(INFORMATION SHOWN Opens)

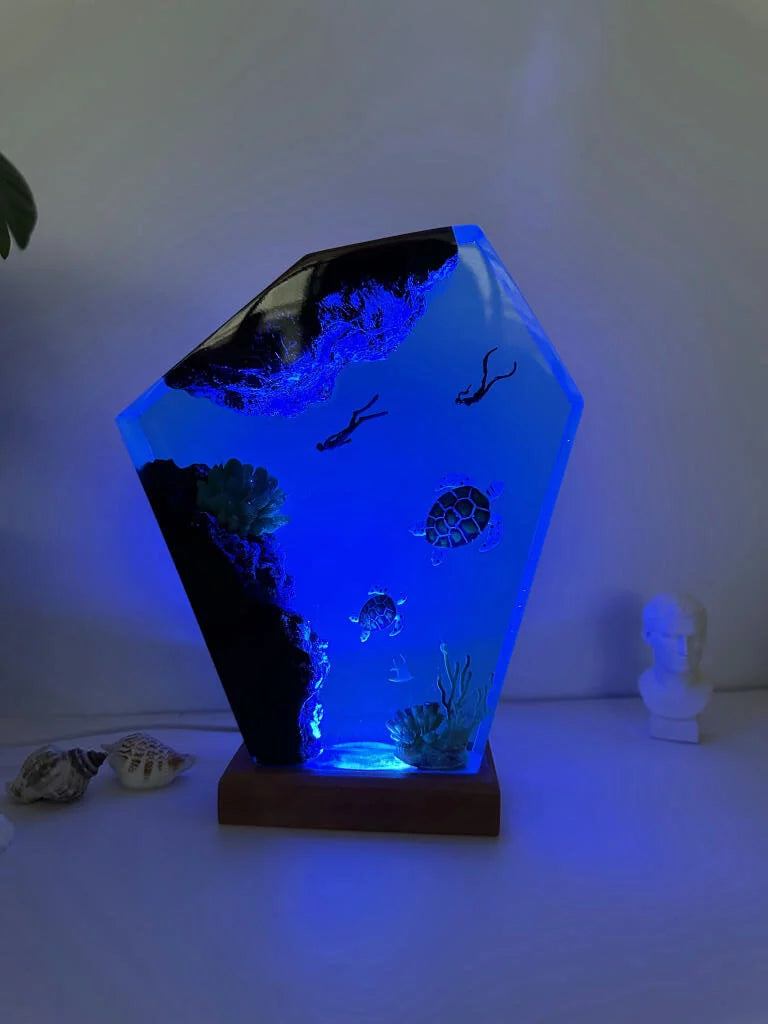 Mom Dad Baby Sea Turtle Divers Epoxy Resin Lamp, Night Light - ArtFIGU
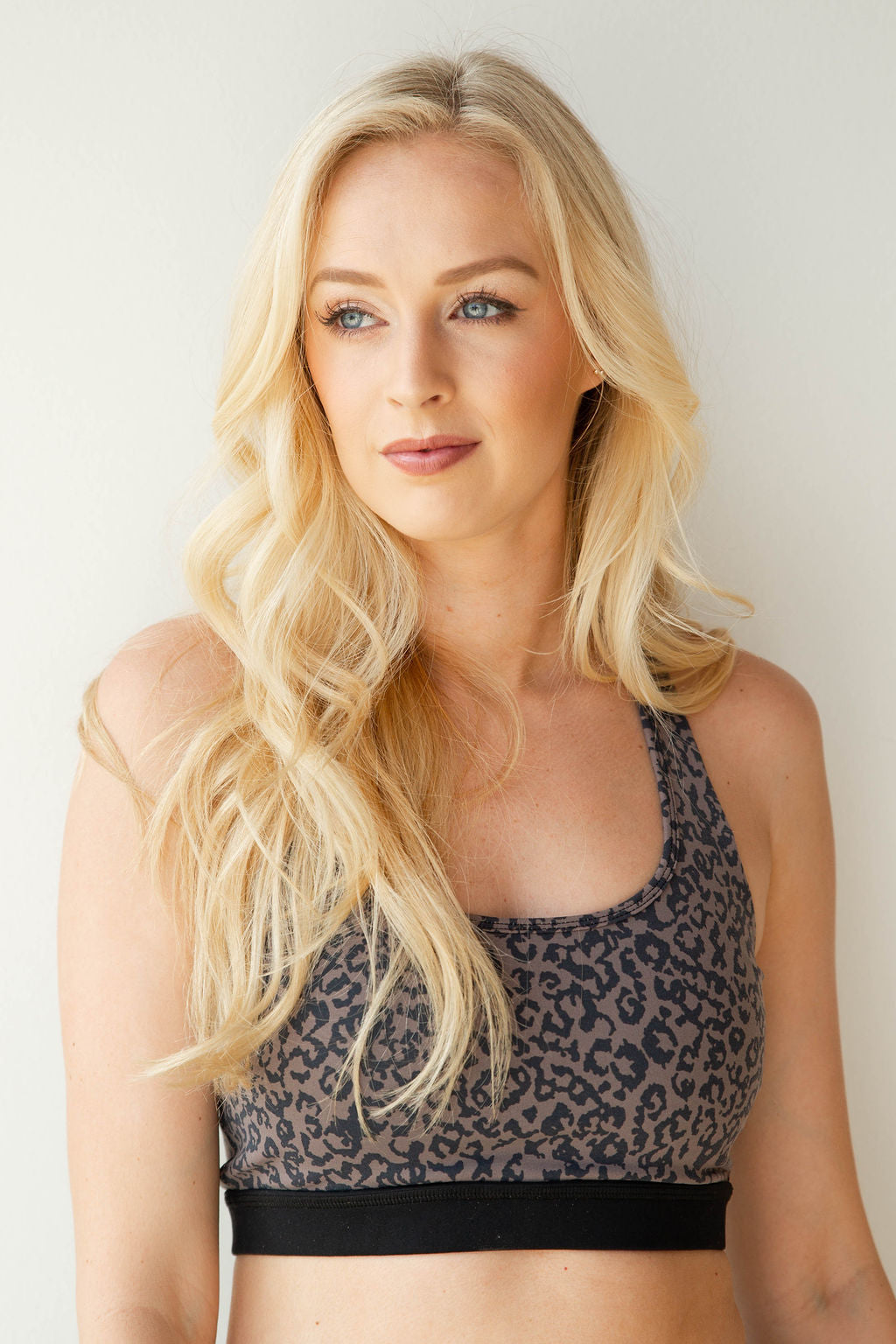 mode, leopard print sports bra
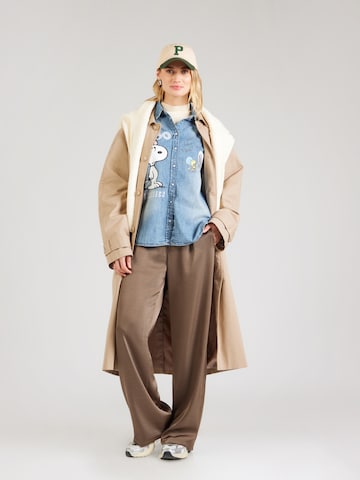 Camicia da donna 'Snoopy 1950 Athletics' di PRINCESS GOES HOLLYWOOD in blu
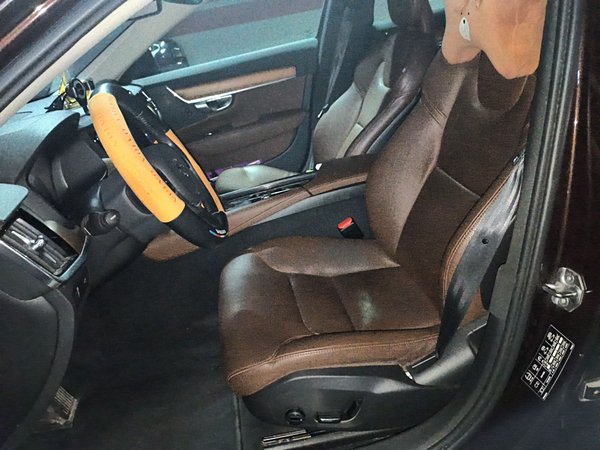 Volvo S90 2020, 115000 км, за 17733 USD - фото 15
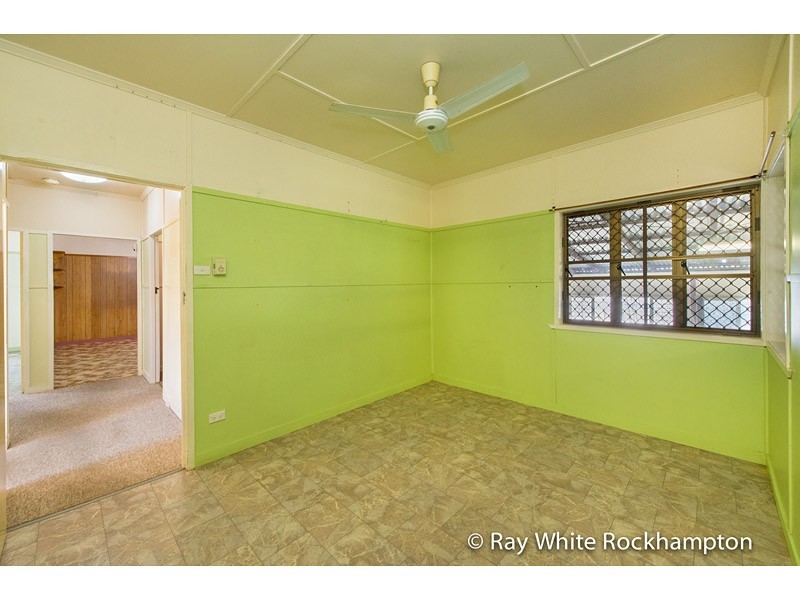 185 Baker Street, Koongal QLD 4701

(INFORMATION SHOWN Closes)
(INFORMATION SHOWN Opens)

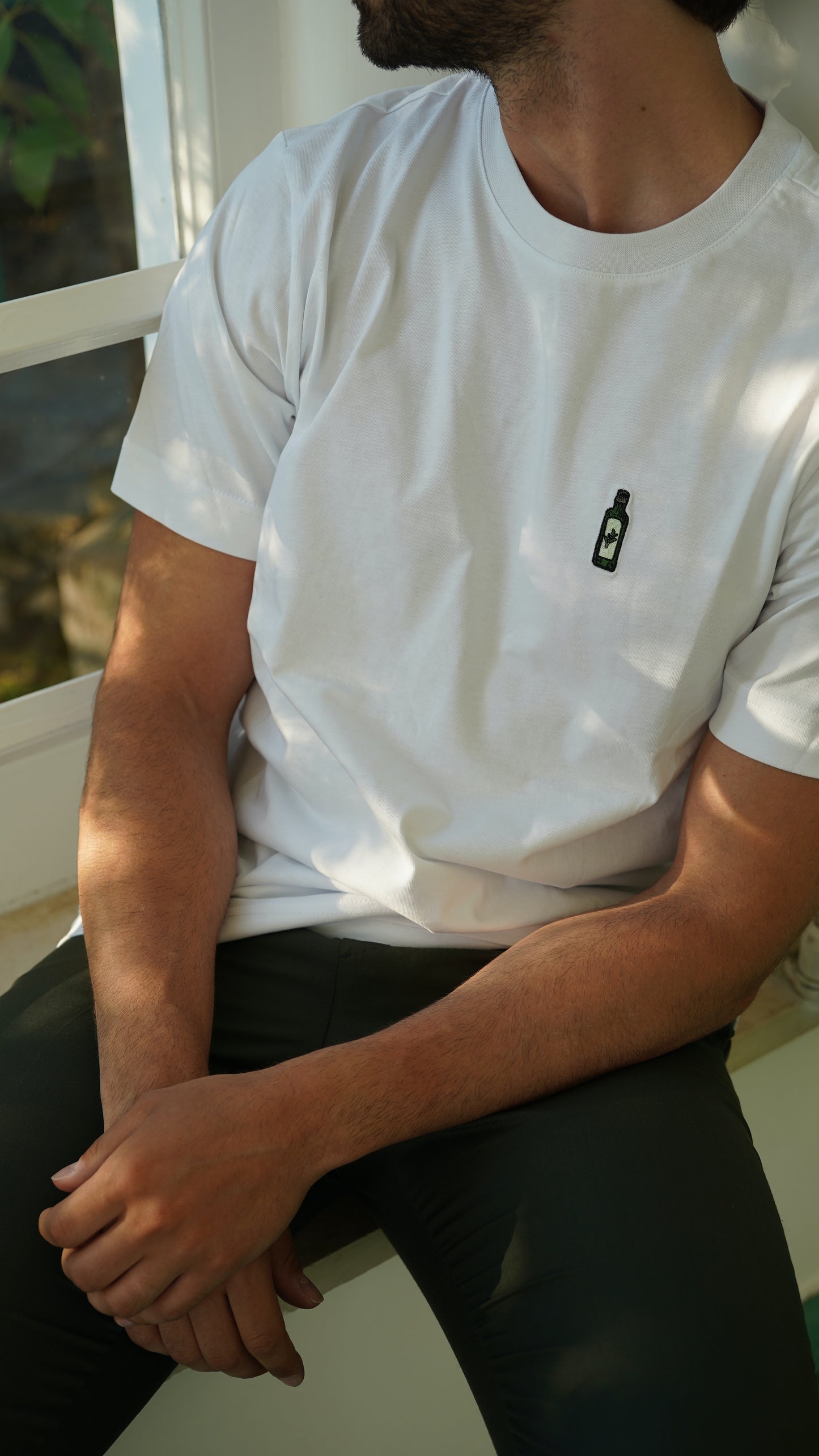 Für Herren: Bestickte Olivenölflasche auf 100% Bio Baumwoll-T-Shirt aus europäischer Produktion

(INFORMATION SHOWN Closes)
(INFORMATION SHOWN Opens)

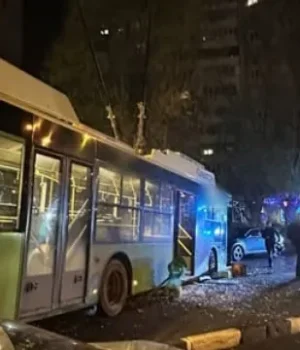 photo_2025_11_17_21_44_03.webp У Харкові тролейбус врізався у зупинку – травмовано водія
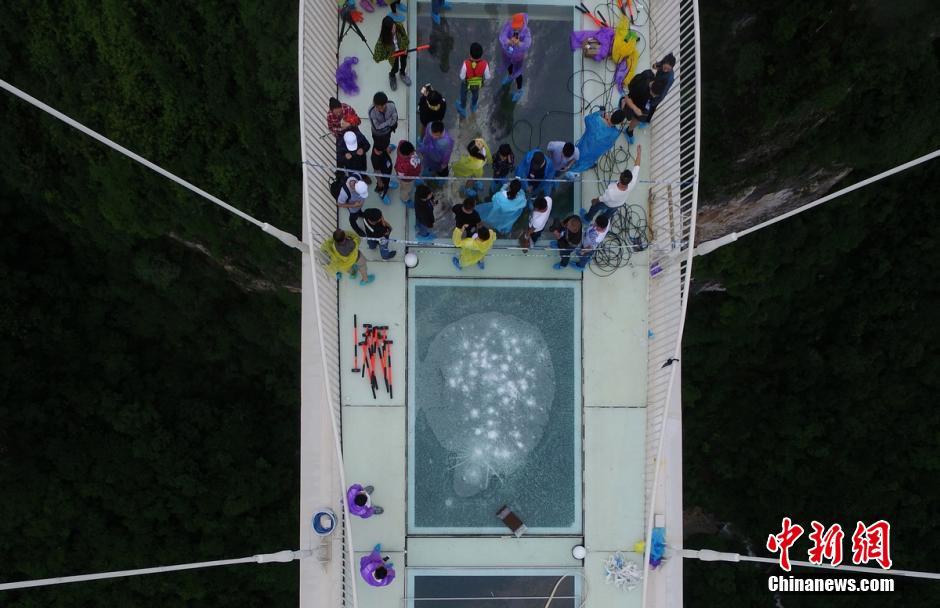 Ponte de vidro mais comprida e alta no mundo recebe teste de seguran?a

(INFORMATION SHOWN Closes)

### REQUIREMENT
Repeat only the stretch of data above that runs from the line with "Mom Dad Baby" to the line with "185 Baker Street, Koongal QLD 4701". Keep both end lines; exclude pictures.

### OUTPUT FOR THIS EXERCISE
 Mom Dad Baby Sea Turtle Divers Epoxy Resin Lamp, Night Light - ArtFIGU
 mode, leopard print sports bra
 Camicia da donna 'Snoopy 1950 Athletics' di PRINCESS GOES HOLLYWOOD in blu
 Volvo S90 2020, 115000 км, за 17733 USD - фото 15
 185 Baker Street, Koongal QLD 4701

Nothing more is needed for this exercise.